> EXERCISE:
Reproduce exactly the lines from the one that holds "PRETTYGARDEN Women's Winter" through the last line of the entries, both ends included, but not the pictures.

══════════════════════════════

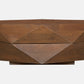 Diamond Shape Solid Wood Lift-Top Coffee Table in Matte Brown 48" with sculptural geometric design.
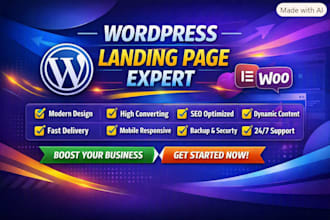 build wordpress landing page design, squeeze page, sales page, or sales funnel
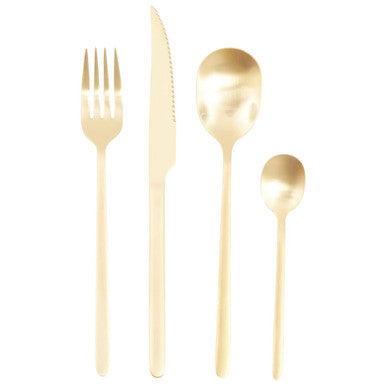 Orsina Avie 16-Piece Gold Finish Cutlery Set | Matte Stainless Steel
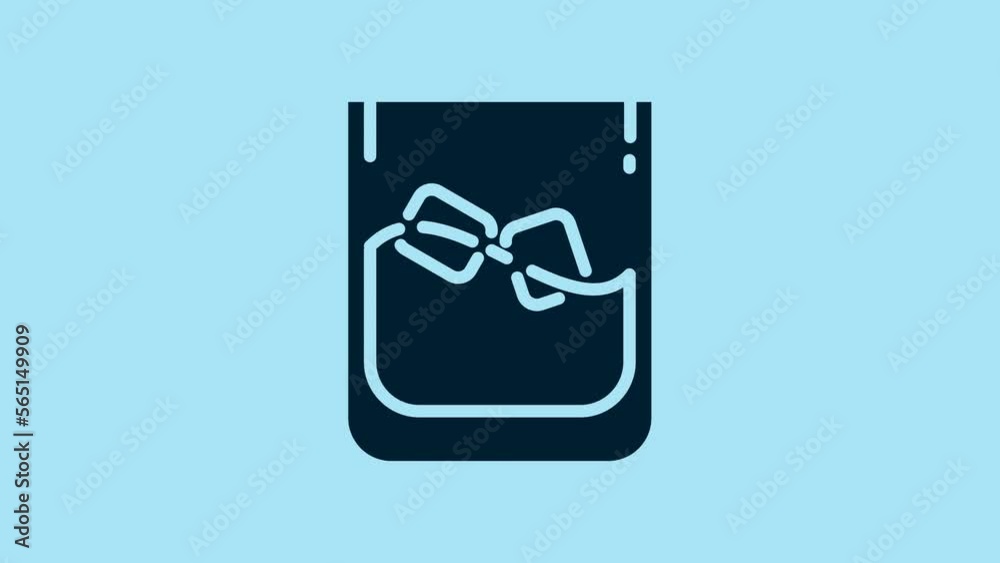 Blue Glass of whiskey and ice cubes icon isolated on blue background. 4K Video motion graphic animation Blue Glass of whiskey and ice cubes icon isolated on blue background. 4K Video motion graphic animation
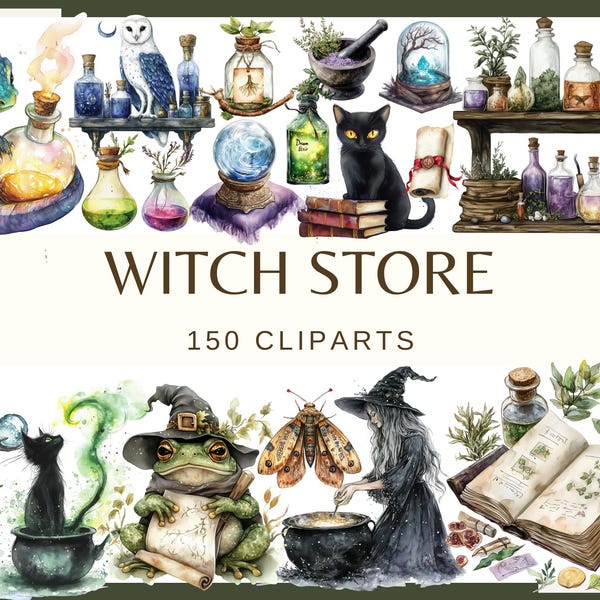 WITCH STORE - 150 clip arts 300 dpi Witch Store Magical Potion Shop PNG | Witchcraft Elements, Broom, Cauldron, Black Cat, Vintage Magic Art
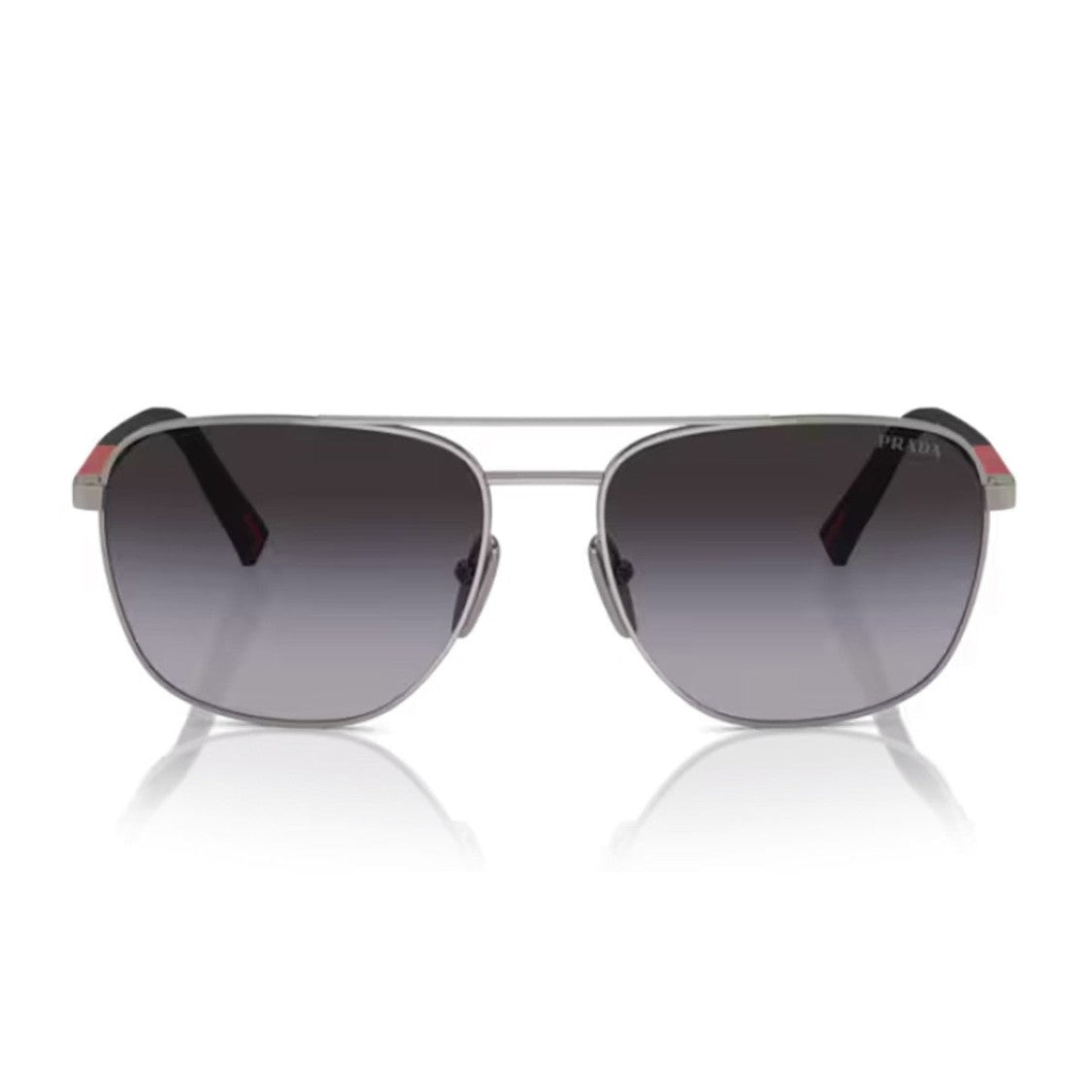 Prada Linea Rossa Gunmetal Ps 54Zs Metal Aviator Sunglasses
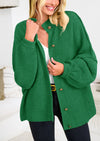 PRETTYGARDEN Women's Winter Button Down Cardigan Sweaters Mock Neck Lantern Long Sleeve Chunky Knit Jacket Trendy Outerwear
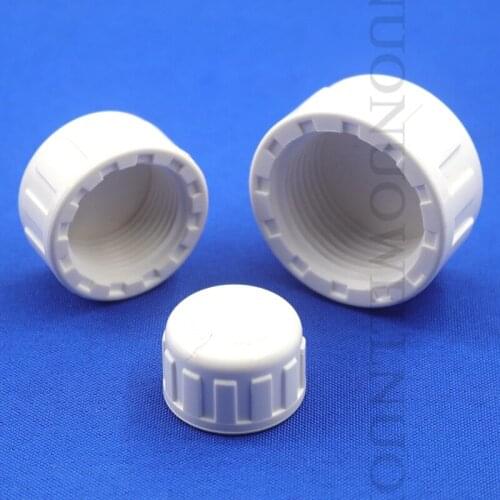 2Pcs 1/2" 3/4" to 2" PVC Female Thread End Cap Connector Water Pipe Plastic Plug PVC Pipe Connector Fish Tank Tube Joint Adapter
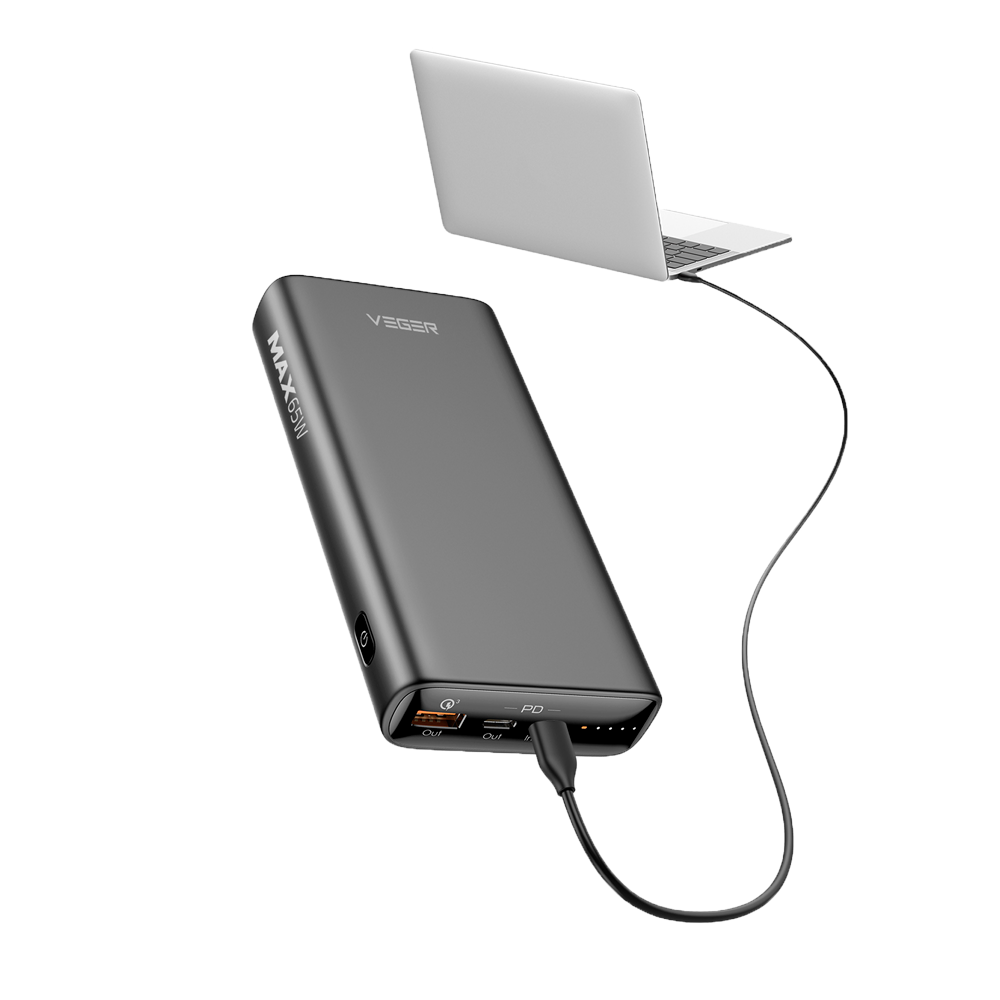 VEGER - Batería externa - Capacidad 20000 mAh - Voltaje 3.7V | Polímero de litio  - Potencia 74 Wh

══════════════════════════════

> TASK RESPONSE:
 PRETTYGARDEN Women's Winter Button Down Cardigan Sweaters Mock Neck Lantern Long Sleeve Chunky Knit Jacket Trendy Outerwear
 2Pcs 1/2" 3/4" to 2" PVC Female Thread End Cap Connector Water Pipe Plastic Plug PVC Pipe Connector Fish Tank Tube Joint Adapter
 VEGER - Batería externa - Capacidad 20000 mAh - Voltaje 3.7V | Polímero de litio  - Potencia 74 Wh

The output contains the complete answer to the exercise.